Copy the entries exactly. Leave out any pictures.

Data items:
+ + +

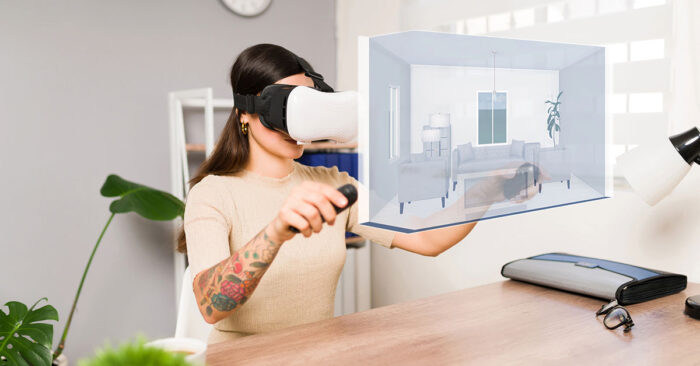 Virtuelle Immobilienbesichtigung Eine Frau mit VR-Brille und jeweils einem Controller in ihren Händen besichtigt in ihrem Wohnzimmer eine Immobilie, die symbolisch vor ihr virtuell dargestellt ist | Virtuelle Immobilienbesichtigung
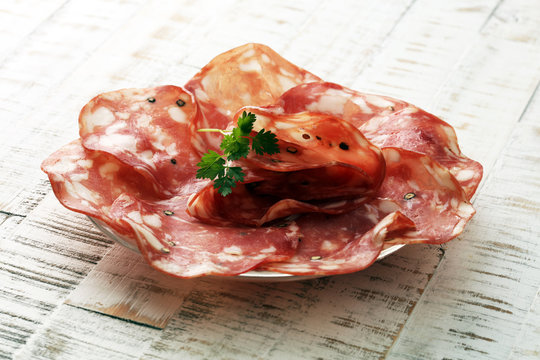 thinly sliced salami on a wooden texture on the background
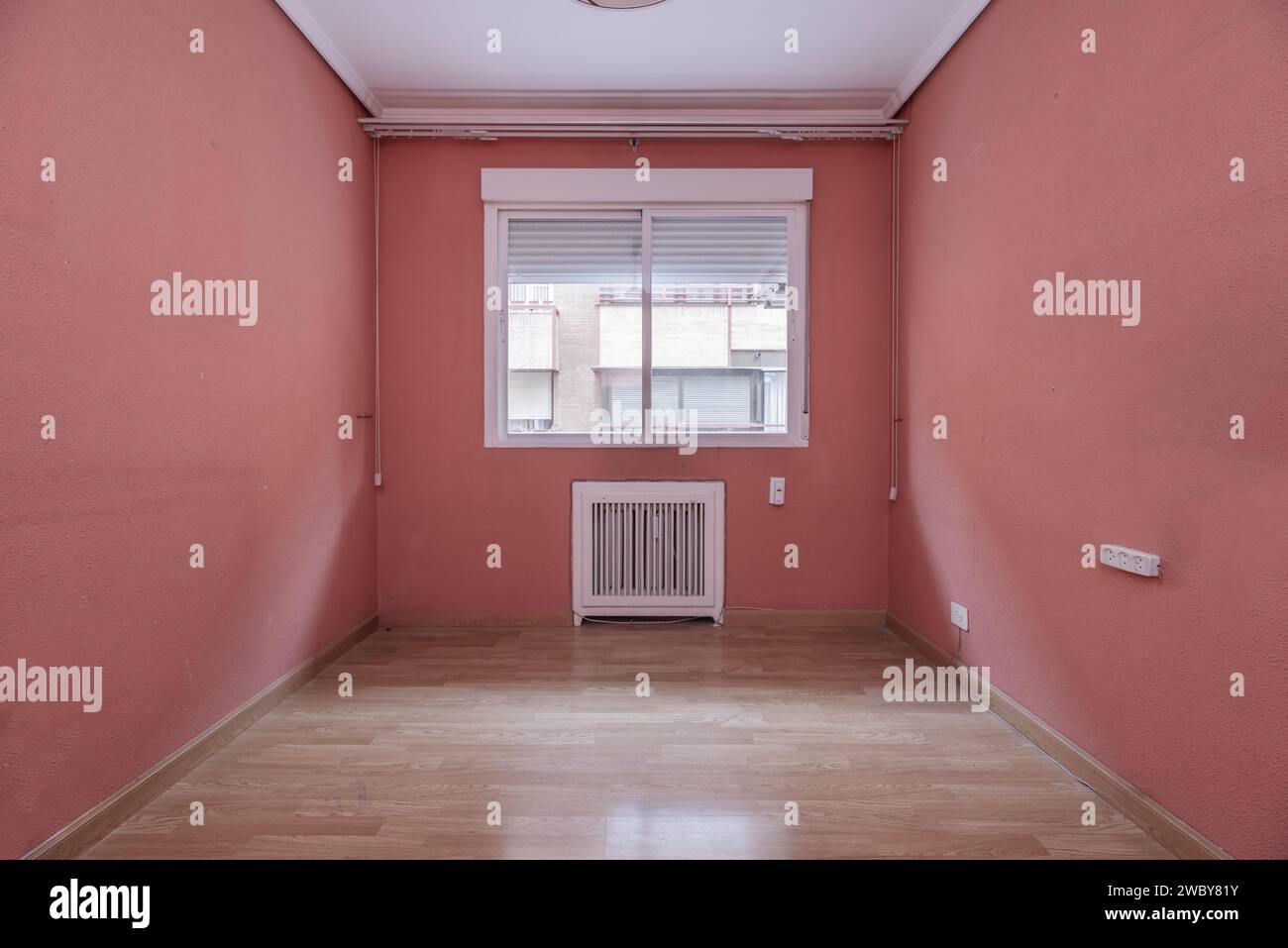 An empty room with terracotta painted walls, plaster moldings on the ...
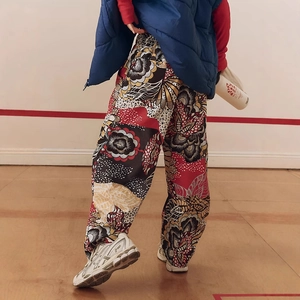 Detail of bohemian floral wide-leg pants with elastic waist and vibrant multi-color print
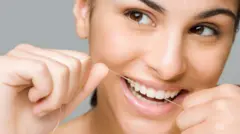 Uma mulher sorri enquanto usa fio dental
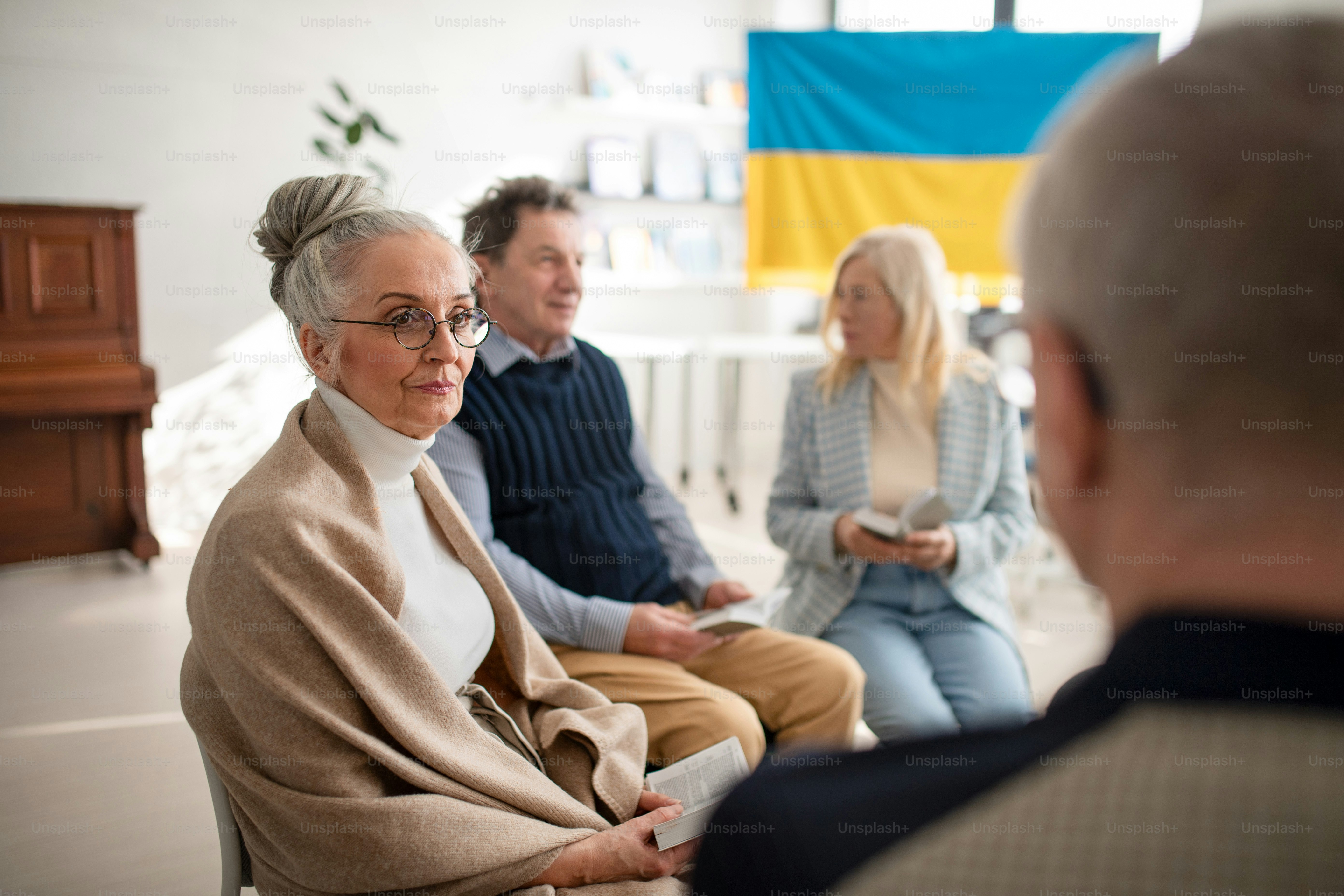 Un grupo de ancianos orando juntos por Ucrania en el centro comunitario de la iglesia.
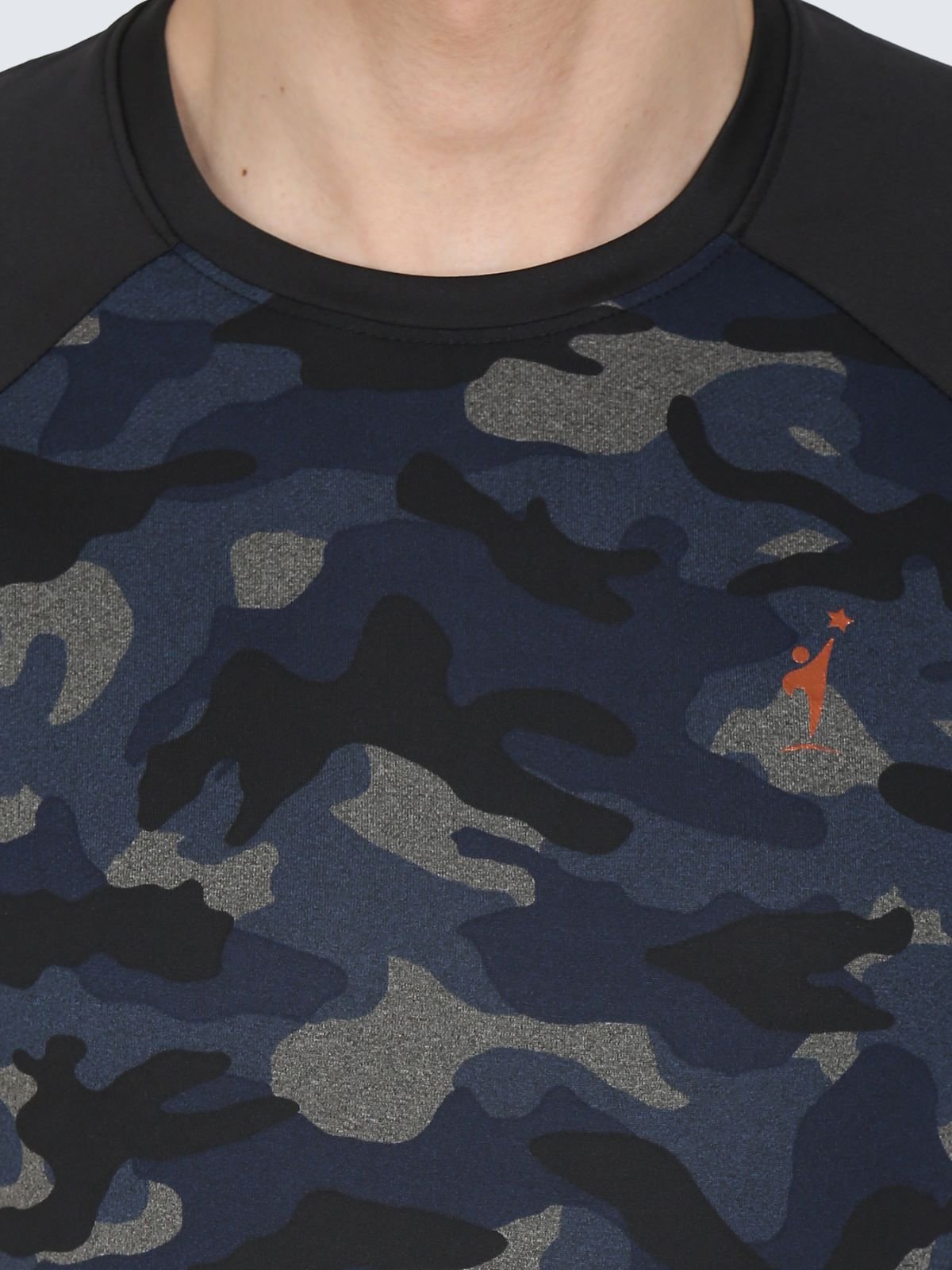 Close-up of navy camo raglan T-shirt showing round neck, pattern and chest NDR SPORT logo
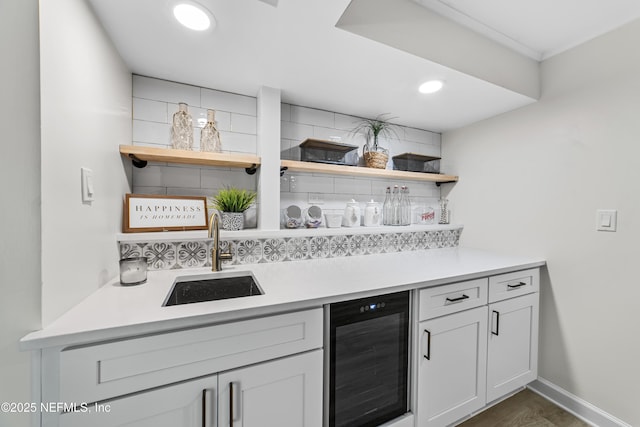 kitchen with dark hardwood / wood-style flooring, beverage cooler, tasteful backsplash, and sink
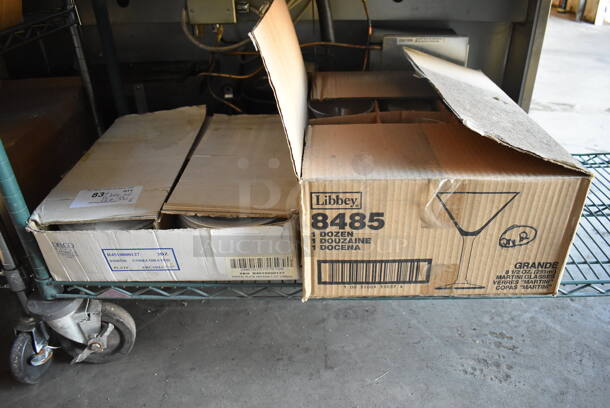 2 Boxes of BRAND NEW! Items; 12 Libbey Martini Glasses and  35 Arcadia White Ceramic Plates. Includes 7.5x7.5x0.5, 4.5x4.5x7. 2 Times Your Bid!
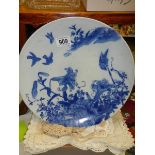 An early 20th century Chinese style blue and white plate.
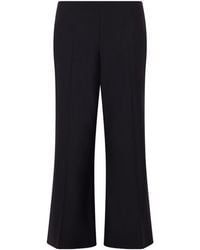 KHAITE - Walter Wool Mid-Rise Flared Leg Pants - Lyst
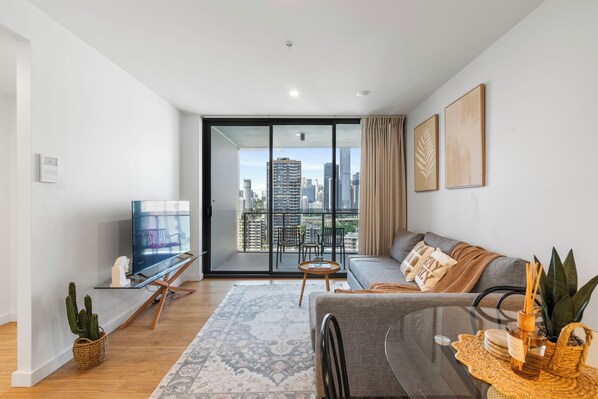 A modern living room with a glass coffee table, a sofa, a TV, and a view of the cityscape through large windows.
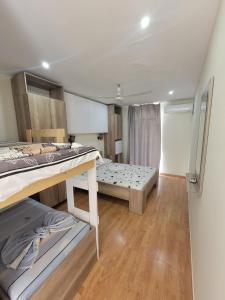 a small room with a bed and a large room with at AG Hotel in Dhërmi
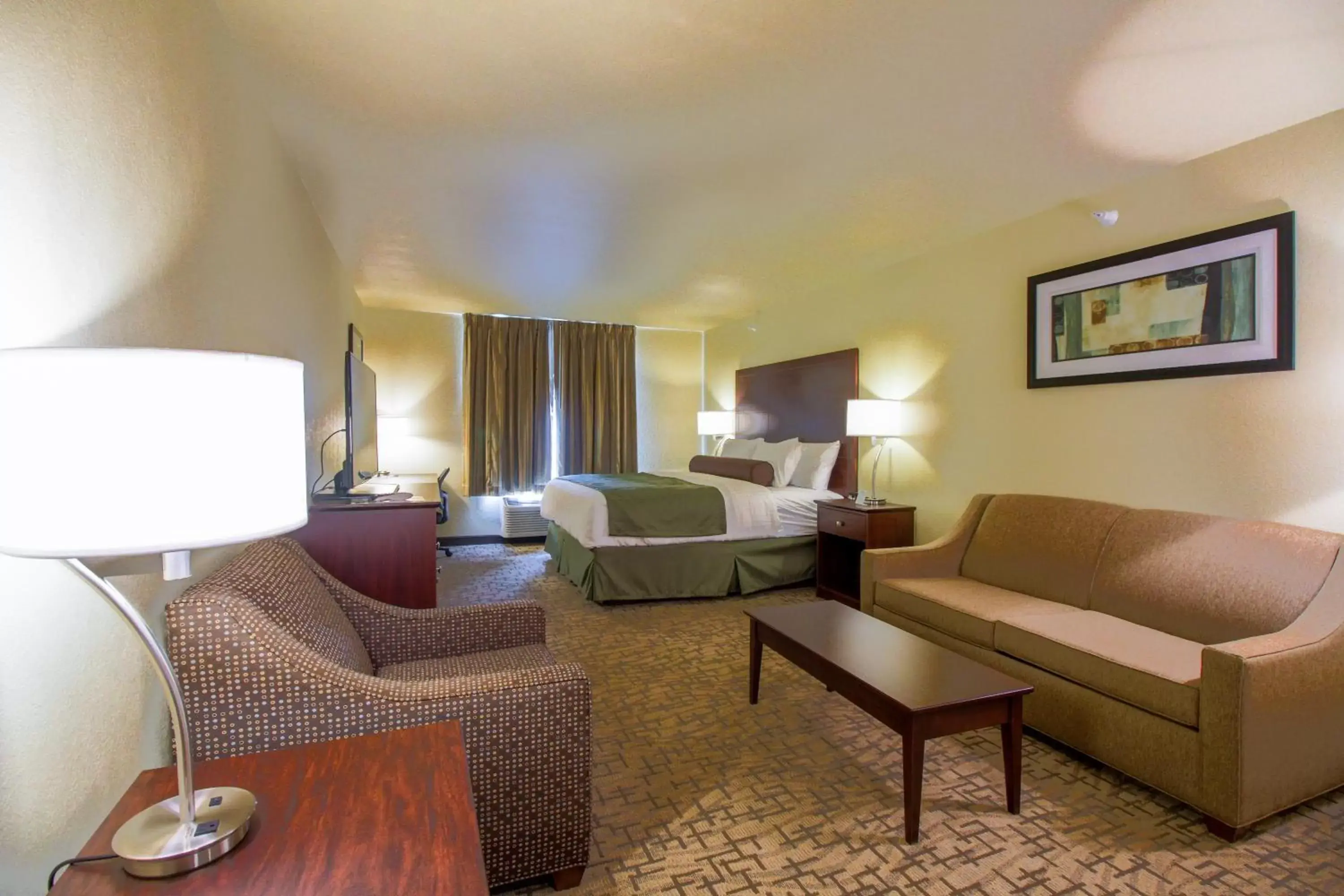 Bedroom, Seating Area in Cobblestone Hotel & Suites - Devils Lake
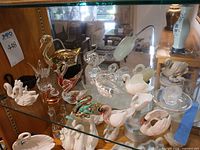 Overview of mixed swan and duck figurines on glass shelf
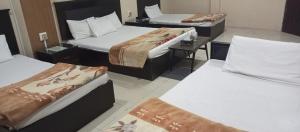 un grupo de 3 camas en una habitación en silk.hotel en Faisalabad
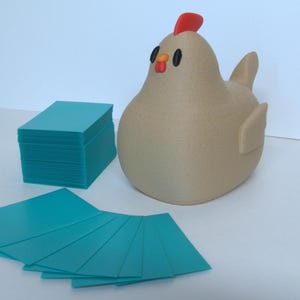 May include: A tan chicken-shaped container with a red comb, orange beak, and black eyes, positioned next to a stack of rectangular teal cards and several loose teal cards fanned out in front of the container on a flat white surface.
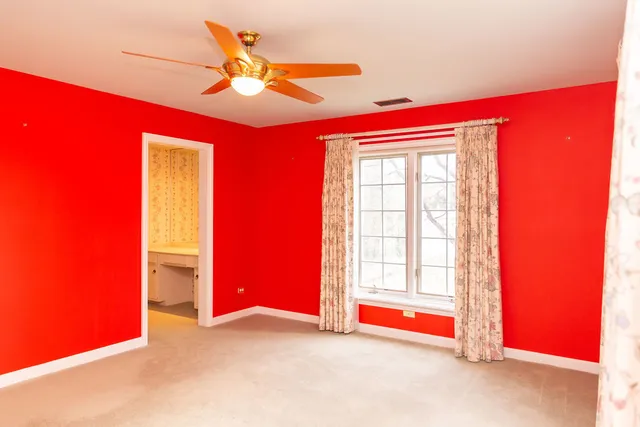 a view of empty room with window and ceiling fan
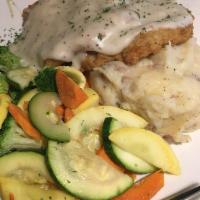 Country Fried Steak · Breaded and fried, red bliss mashed potatoes, seasonal vegetables, and white pepper gravy.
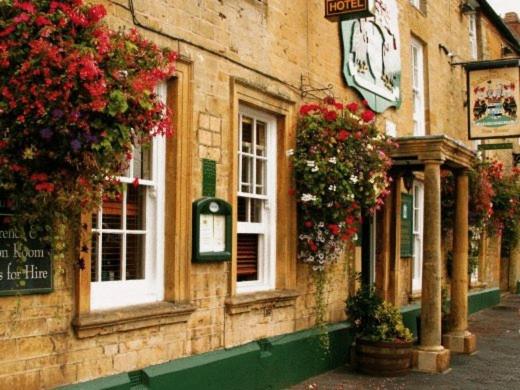 a building with flowers on the side of it at Redesdale Arms Hotel in Moreton in Marsh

+ + +

### EXPECTED ANSWER
 Virtuelle Immobilienbesichtigung Eine Frau mit VR-Brille und jeweils einem Controller in ihren Händen besichtigt in ihrem Wohnzimmer eine Immobilie, die symbolisch vor ihr virtuell dargestellt ist | Virtuelle Immobilienbesichtigung
 thinly sliced salami on a wooden texture on the background
 An empty room with terracotta painted walls, plaster moldings on the ...
 Detail of bohemian floral wide-leg pants with elastic waist and vibrant multi-color print
 Uma mulher sorri enquanto usa fio dental
 Un grupo de ancianos orando juntos por Ucrania en el centro comunitario de la iglesia.
 Close-up of navy camo raglan T-shirt showing round neck, pattern and chest NDR SPORT logo
 kitchen with dark hardwood / wood-style flooring, beverage cooler, tasteful backsplash, and sink
 2 Boxes of BRAND NEW! Items; 12 Libbey Martini Glasses and  35 Arcadia White Ceramic Plates. Includes 7.5x7.5x0.5, 4.5x4.5x7. 2 Times Your Bid!
 An early 20th century Chinese style blue and white plate.
 KHAITE - Walter Wool Mid-Rise Flared Leg Pants - Lyst
 A modern living room with a glass coffee table, a sofa, a TV, and a view of the cityscape through large windows.
 a small room with a bed and a large room with at AG Hotel in Dhërmi
 Bedroom, Seating Area in Cobblestone Hotel & Suites - Devils Lake
 Overview of mixed swan and duck figurines on glass shelf
 un grupo de 3 camas en una habitación en silk.hotel en Faisalabad
 May include: A tan chicken-shaped container with a red comb, orange beak, and black eyes, positioned next to a stack of rectangular teal cards and several loose teal cards fanned out in front of the container on a flat white surface.
 a view of empty room with window and ceiling fan
 Country Fried Steak · Breaded and fried, red bliss mashed potatoes, seasonal vegetables, and white pepper gravy.
 a building with flowers on the side of it at Redesdale Arms Hotel in Moreton in Marsh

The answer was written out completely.